For CoxPH, this predictor is the log relative risk used in
the Cox partial likelihood, rather than a direct prediction of the event
indicator. For CoxPH, the algorithm calculates both the
partial log likelihood and martingale residuals (\(\textbf{m}\)) using the following approach.
The algorithm walks backwards in time until it encounters the “stop”

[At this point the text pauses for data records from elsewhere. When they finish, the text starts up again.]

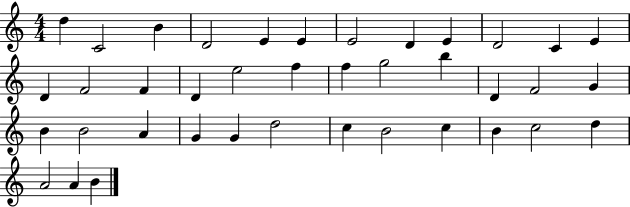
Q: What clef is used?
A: treble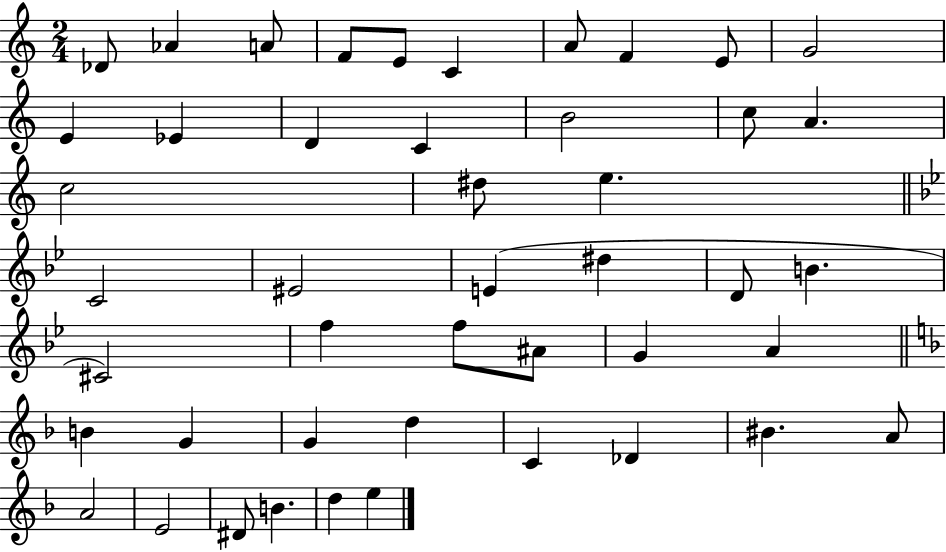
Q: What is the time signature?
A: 2/4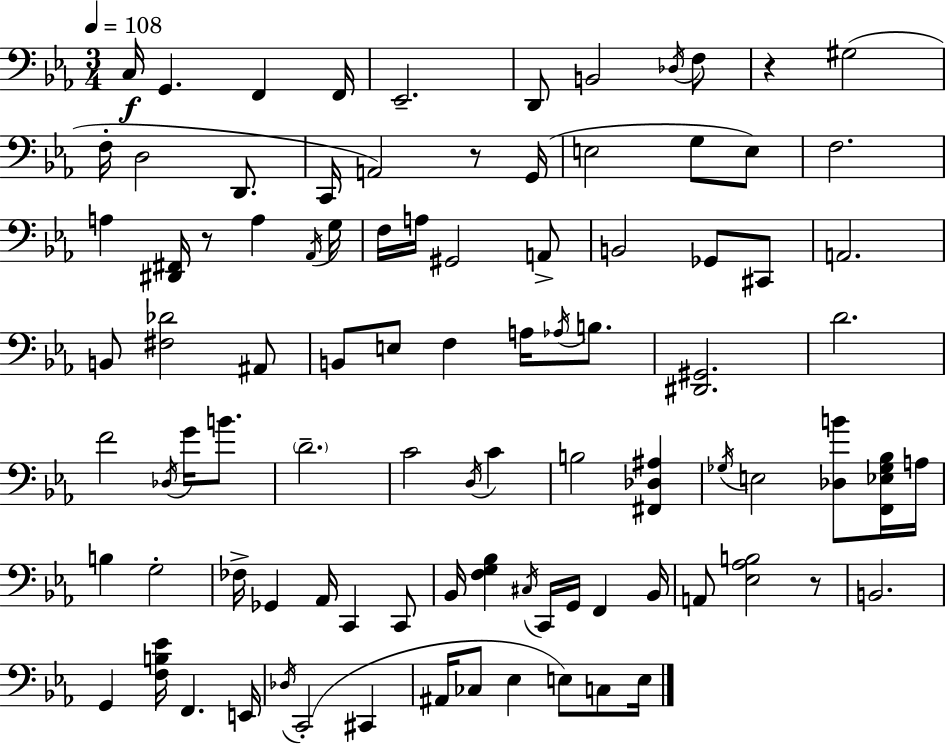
C3/s G2/q. F2/q F2/s Eb2/h. D2/e B2/h Db3/s F3/e R/q G#3/h F3/s D3/h D2/e. C2/s A2/h R/e G2/s E3/h G3/e E3/e F3/h. A3/q [D#2,F#2]/s R/e A3/q Ab2/s G3/s F3/s A3/s G#2/h A2/e B2/h Gb2/e C#2/e A2/h. B2/e [F#3,Db4]/h A#2/e B2/e E3/e F3/q A3/s Ab3/s B3/e. [D#2,G#2]/h. D4/h. F4/h Db3/s G4/s B4/e. D4/h. C4/h D3/s C4/q B3/h [F#2,Db3,A#3]/q Gb3/s E3/h [Db3,B4]/e [F2,Eb3,Gb3,Bb3]/s A3/s B3/q G3/h FES3/s Gb2/q Ab2/s C2/q C2/e Bb2/s [F3,G3,Bb3]/q C#3/s C2/s G2/s F2/q Bb2/s A2/e [Eb3,Ab3,B3]/h R/e B2/h. G2/q [F3,B3,Eb4]/s F2/q. E2/s Db3/s C2/h C#2/q A#2/s CES3/e Eb3/q E3/e C3/e E3/s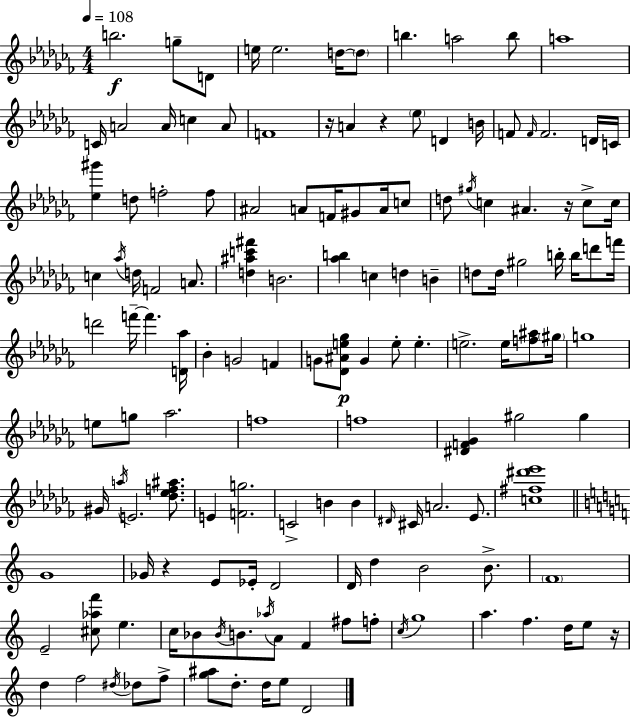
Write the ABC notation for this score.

X:1
T:Untitled
M:4/4
L:1/4
K:Abm
b2 g/2 D/2 e/4 e2 d/4 d/2 b a2 b/2 a4 C/4 A2 A/4 c A/2 F4 z/4 A z _e/2 D B/4 F/2 F/4 F2 D/4 C/4 [_e^g'] d/2 f2 f/2 ^A2 A/2 F/4 ^G/2 A/4 c/2 d/2 ^g/4 c ^A z/4 c/2 c/4 c _a/4 d/4 F2 A/2 [d^ac'^f'] B2 [_ab] c d B d/2 d/4 ^g2 b/4 b/4 d'/2 f'/4 d'2 f'/4 f' [D_a]/4 _B G2 F G/2 [_D^Ae_g]/2 G e/2 e e2 e/4 [f^a]/2 ^g/4 g4 e/2 g/2 _a2 f4 f4 [^DF_G] ^g2 ^g ^G/4 a/4 E2 [_d_ef^a]/2 E [Fg]2 C2 B B ^D/4 ^C/4 A2 _E/2 [c^f^d'_e']4 G4 _G/4 z E/2 _E/4 D2 D/4 d B2 B/2 F4 E2 [^c_af']/2 e c/4 _B/2 _B/4 B/2 _a/4 A/2 F ^f/2 f/2 c/4 g4 a f d/4 e/2 z/4 d f2 ^d/4 _d/2 f/2 [g^a]/2 d/2 d/4 e/2 D2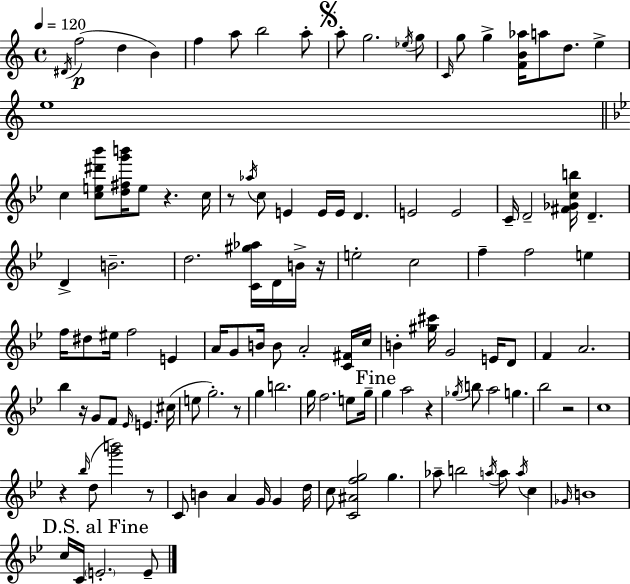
{
  \clef treble
  \time 4/4
  \defaultTimeSignature
  \key a \minor
  \tempo 4 = 120
  \acciaccatura { dis'16 }(\p f''2 d''4 b'4) | f''4 a''8 b''2 a''8-. | \mark \markup { \musicglyph "scripts.segno" } a''8-. g''2. \acciaccatura { ees''16 } | g''8 \grace { c'16 } g''8 g''4-> <f' b' aes''>16 a''8 d''8. e''4-> | \break e''1 | \bar "||" \break \key bes \major c''4 <c'' e'' dis''' bes'''>8 <d'' fis'' g''' b'''>16 e''8 r4. c''16 | r8 \acciaccatura { aes''16 } c''8 e'4 e'16 e'16 d'4. | e'2 e'2 | c'16-- d'2-- <fis' ges' c'' b''>16 d'4.-- | \break d'4-> b'2.-- | d''2. <c' gis'' aes''>16 d'16 b'16-> | r16 e''2-. c''2 | f''4-- f''2 e''4 | \break f''16 dis''8 eis''16 f''2 e'4 | a'16 g'8 b'16 b'8 a'2-. <c' fis'>16 | c''16 b'4-. <gis'' cis'''>16 g'2 e'16 d'8 | f'4 a'2. | \break bes''4 r16 g'8 f'8 \grace { ees'16 } e'4. | cis''16( e''8 g''2.-.) | r8 g''4 b''2. | g''16 f''2. e''8 | \break g''16-- \mark "Fine" g''4 a''2 r4 | \acciaccatura { ges''16 } b''8 a''2 g''4. | bes''2 r2 | c''1 | \break r4 \grace { bes''16 }( d''8 <g''' b'''>2) | r8 c'8 b'4 a'4 g'16 g'4 | d''16 c''8 <c' ais' f'' g''>2 g''4. | aes''8-- b''2 \acciaccatura { a''16 } a''8 | \break \acciaccatura { a''16 } c''4 \grace { ges'16 } b'1 | \mark "D.S. al Fine" c''16 c'16 \parenthesize e'2.-. | e'8-- \bar "|."
}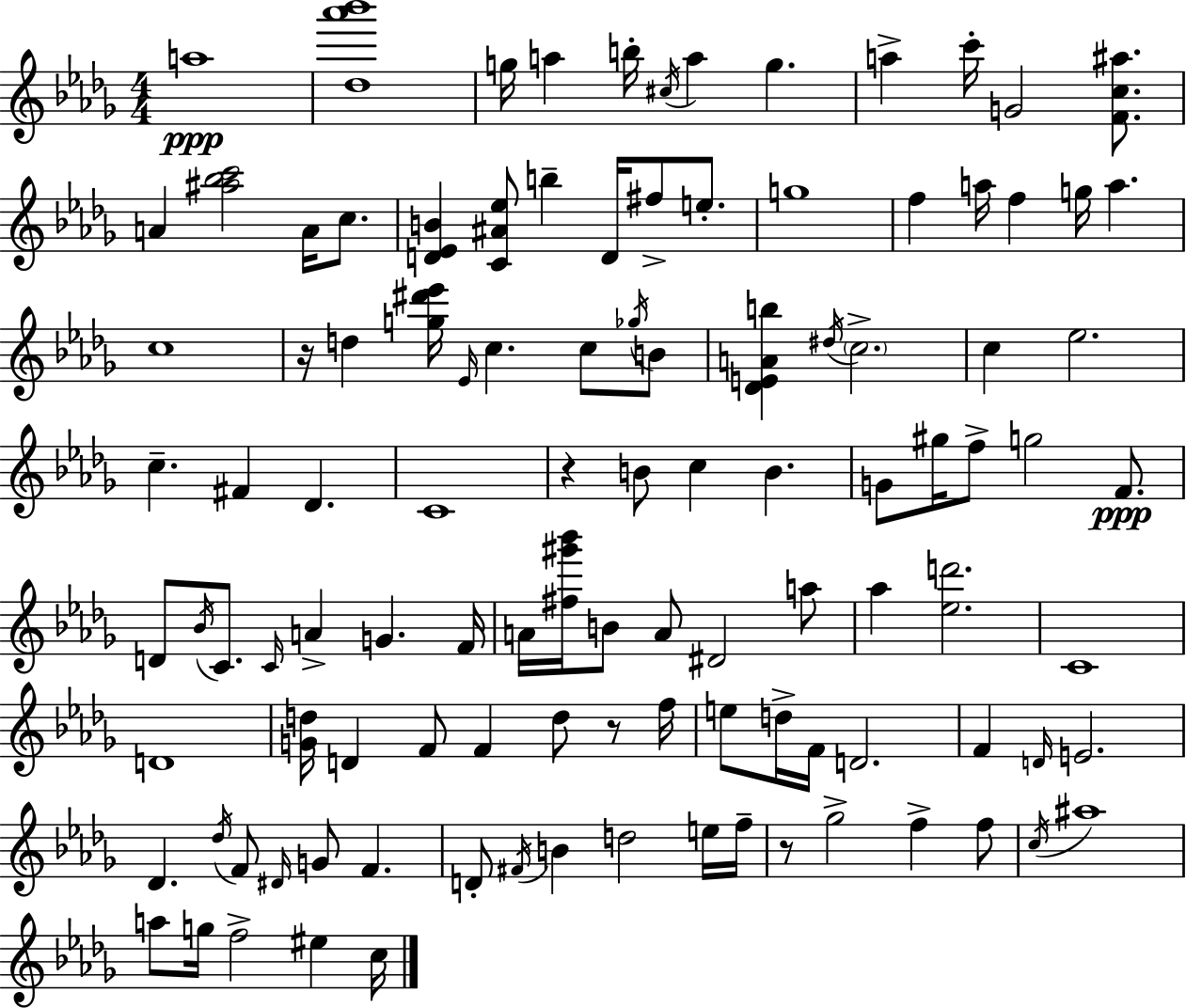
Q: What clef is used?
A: treble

time of an observation. When this happens the weighted risk associated
with that observation, \(\omega_i
e^{f(\textbf{x}_i)}\), is added to the total cumulative hazard:
\(S = \sum \omega_j
e^{f(\textbf{x}_j)}\), which is initialized at \(0\). Continuing backwards in time when we
reach a time before an observation was in the study, that is the
algorithm leaves the associated time segment (start, stop], the
observation’s contribution to the cumulative hazard is subtracted off.
The algorithm is robust to overflow/underflows occurring in \(e^{f(\textbf{x}_i)}\) by subtracting a
constant off of the risk score. This constant drifts to ensure overflow
does not occur.
This algorithm deals with tied event times using either the Breslow or Efron approximations. The method used is specified by the user but in the event of tied deaths, it defaults to the Efron approximation. It also allows for the introduction of strata and start as well as stop times for each observation, see the previous Sections.
As well as calculating the partial log likelihood the algorithm also calculates the martingale residuals. The risk scores are related to the covariate matrix, \(\mathbb{X}\), via: \[ f(\textbf{x}_i) = (\mathbb{X}\boldsymbol{\beta})_i. \qquad (1) \] The derivative of the partial log likelihood, \(l(\boldsymbol{\beta})\), with respect to the parameter vector \(\boldsymbol{\beta}\) is related to the martingale residuals through: \[\frac{\partial}{\partial \boldsymbol{\beta}} l(\boldsymbol{\beta}) = \mathbb{X}^{T} \textbf{m}. \qquad (2) \] Defining the loss function as the negative of the partial log likelihood then using the chain rule in combination with Equation (1) the residuals are given by: \[ z_i = -\frac{\partial}{\partial f(\textbf{x}_{\textit{i}})}\Psi(\textit{y}_{\textit{i}},f(\textbf{x}_\textit{i})) = (\mathbb{X}\mathbb{X}^{T}\textbf{m})_i. \qquad (3)\]
At this point the covariate matrix should only decide what splits the tree will make thus covariate matrix in Equation (3) is free to be set to the identity matrix and so: \[ z_i = \textbf{m}_i. \qquad (4)\]
Finally, the updated implementation calculates the optimal terminal
node predictions in the following way. Looping over the bagged
observations in the terminal node of interest the expected number of
events is given by: \(\sum_i \max(0.0, y_i -
\textbf{m}_i) + 1/c\). The constant \(c\) represents the prior on the baseline
number of events that occur within a given terminal node; it can be set
on construction of the CoxPHGBMDist through the
prior_node_coeff_var parameter. From this the terminal node
prediction is given by: \[ \log(\frac{\sum_i
y_i + 1/c}{\sum_i \max(0.0, y_i - \textbf{m}_i) + 1/c}). \qquad
(5)\]
If prior_node_coeff_var is not set to a finite positive
double, the fitted model’s predictions can become nonsensical.